I need to proof that:

$$M\itshape^{B}_{B}(L^{*})= (M\itshape^{B}_{B}(L))^{*}$$

Please help me, I'm not able to proof it. tnx

 

[Dick]

Start by writing down the expression for the ij_th element of both of those matrices (i.e. what is a general matrix element) in terms of the {v_i}. Now remember '*' of a matrix is the conjugate transpose.

 

[emlio]

Start by writing down the expression for the ij_th element of both of those matrices (i.e. what is a general matrix element) in terms of the {v_i}. Now remember '*' of a matrix is the conjugate transpose.

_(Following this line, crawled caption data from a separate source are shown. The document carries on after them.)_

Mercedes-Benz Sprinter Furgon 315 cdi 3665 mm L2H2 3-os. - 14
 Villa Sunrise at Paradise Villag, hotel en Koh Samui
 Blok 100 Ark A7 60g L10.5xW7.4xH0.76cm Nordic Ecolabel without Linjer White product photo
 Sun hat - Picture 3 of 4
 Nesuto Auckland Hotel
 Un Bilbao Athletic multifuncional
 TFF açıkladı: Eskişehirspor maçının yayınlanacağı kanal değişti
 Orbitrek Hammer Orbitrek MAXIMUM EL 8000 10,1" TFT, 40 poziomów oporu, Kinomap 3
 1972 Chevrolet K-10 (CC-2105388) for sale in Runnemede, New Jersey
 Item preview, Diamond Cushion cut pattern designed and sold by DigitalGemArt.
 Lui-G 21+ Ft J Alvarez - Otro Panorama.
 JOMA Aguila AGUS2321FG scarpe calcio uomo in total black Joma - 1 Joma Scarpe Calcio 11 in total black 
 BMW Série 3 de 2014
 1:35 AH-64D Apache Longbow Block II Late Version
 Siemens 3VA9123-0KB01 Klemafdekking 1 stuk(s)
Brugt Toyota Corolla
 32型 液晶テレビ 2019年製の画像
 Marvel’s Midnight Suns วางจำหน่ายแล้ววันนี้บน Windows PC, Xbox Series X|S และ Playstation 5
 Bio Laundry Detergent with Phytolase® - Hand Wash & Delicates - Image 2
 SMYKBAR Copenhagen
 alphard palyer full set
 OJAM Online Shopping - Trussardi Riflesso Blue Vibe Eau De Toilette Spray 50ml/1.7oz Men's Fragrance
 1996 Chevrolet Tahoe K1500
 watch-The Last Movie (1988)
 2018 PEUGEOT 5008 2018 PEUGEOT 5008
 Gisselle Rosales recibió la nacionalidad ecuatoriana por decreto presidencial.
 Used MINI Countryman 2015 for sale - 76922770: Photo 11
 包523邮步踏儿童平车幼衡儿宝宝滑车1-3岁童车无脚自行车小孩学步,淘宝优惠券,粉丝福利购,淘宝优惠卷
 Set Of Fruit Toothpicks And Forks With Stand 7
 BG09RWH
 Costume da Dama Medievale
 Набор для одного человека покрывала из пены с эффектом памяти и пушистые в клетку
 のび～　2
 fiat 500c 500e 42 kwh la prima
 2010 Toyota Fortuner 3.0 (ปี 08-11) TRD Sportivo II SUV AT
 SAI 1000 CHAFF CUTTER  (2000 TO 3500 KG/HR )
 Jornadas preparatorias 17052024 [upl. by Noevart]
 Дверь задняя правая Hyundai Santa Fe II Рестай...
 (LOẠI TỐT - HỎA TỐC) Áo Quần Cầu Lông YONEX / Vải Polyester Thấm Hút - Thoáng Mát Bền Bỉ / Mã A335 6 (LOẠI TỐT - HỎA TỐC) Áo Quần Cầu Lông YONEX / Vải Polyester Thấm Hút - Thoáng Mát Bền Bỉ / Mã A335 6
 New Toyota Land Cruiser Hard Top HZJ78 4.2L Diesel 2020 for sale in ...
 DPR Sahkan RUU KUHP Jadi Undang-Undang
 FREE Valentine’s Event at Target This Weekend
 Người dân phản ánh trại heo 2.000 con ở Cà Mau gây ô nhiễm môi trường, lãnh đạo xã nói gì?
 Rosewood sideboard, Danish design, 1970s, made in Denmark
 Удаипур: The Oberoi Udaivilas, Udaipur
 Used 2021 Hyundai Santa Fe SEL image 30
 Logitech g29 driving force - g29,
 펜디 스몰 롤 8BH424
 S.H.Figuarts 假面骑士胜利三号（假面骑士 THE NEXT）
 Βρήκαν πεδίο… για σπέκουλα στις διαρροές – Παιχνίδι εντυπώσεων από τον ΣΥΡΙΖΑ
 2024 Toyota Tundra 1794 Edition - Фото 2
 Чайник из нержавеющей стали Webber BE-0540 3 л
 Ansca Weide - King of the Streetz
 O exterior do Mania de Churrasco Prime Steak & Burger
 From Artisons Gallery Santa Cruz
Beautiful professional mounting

Tnx for the quick replay, I'll try as you say...

 

[emlio]

I solved it !

$$B=\left\{v_{1},v_{2},v_{3},......,v_{n}\right\}$$ is a h-ORTHORNORMAL basis for $$V$$

------------------------------------------------------------------

$$M\itshape^{B}_{B}(L)=(a_{x,y})$$ j-th Columns is:

$$L(v_{j})= a_{1j}v_{1} +...+a_{nj}v_{n}$$



-------------------------------------------------------------------

$$M\itshape^{B}_{B}(L^{*})=(b_{x,y})$$ k-th COLUMN IS:

$$L^{*}(v_{k})= b_{1j}v_{1}+...+b_{nk}v_{n}$$



-------------------------------------------------------------------


$$h(L(v_{j}),v_{k}) = h(v_{j},L^{*}(v_{k}))$$

$$h( a_{1j}v_{1} +...+a_{nj}v_{n} , v_{k}) = h(v_{j}, b_{1j}v_{1}+...+b_{nk}v_{n})$$

...

applying properties of "h"scalar product and properties of h-ohrtonormal bases

...
$$a_{jk}*h(v_{k},v_{k}) = \bar{b}_{kj}*h(v_{j},v_{j})$$

$$a_{jk} = \bar{b}_{kj}$$


$${b}_{jk} = \bar{a}_{kj}$$ !

 

[emlio]

I solved it !

$$B=\left\{v_{1},v_{2},v_{3},......,v_{n}\right\}$$ is a h-ORTHORNORMAL basis for $$V$$

------------------------------------------------------------------

$$M\itshape^{B}_{B}(L)=(a_{x,y})$$ j-th Columns is:

$$L(v_{j})= a_{1j}v_{1} +...+a_{nj}v_{n}$$



-------------------------------------------------------------------

$$M\itshape^{B}_{B}(L^{*})=(b_{x,y})$$ k-th COLUMN IS:

$$L^{*}(v_{k})= b_{1j}v_{1}+...+b_{nk}v_{n}$$



-------------------------------------------------------------------


$$h(L(v_{j}),v_{k}) = h(v_{j},L^{*}(v_{k}))$$

$$h( a_{1j}v_{1} +...+a_{nj}v_{n} , v_{k}) = h(v_{j}, b_{1j}v_{1}+...+b_{nk}v_{n})$$

...

applying properties of "h"scalar product and properties of h-ohrtonormal bases

...
$$a_{jk}*h(v_{k},v_{k}) = \bar{b}_{kj}*h(v_{j},v_{j})$$

$$a_{jk} = \bar{b}_{kj}$$


$${b}_{jk} = \bar{a}_{kj}$$ !

There are some typing errors, I've written "j" instead of "k" in some parts, the proof is ok

 

[Dick]

Looks like the idea is right. Good job.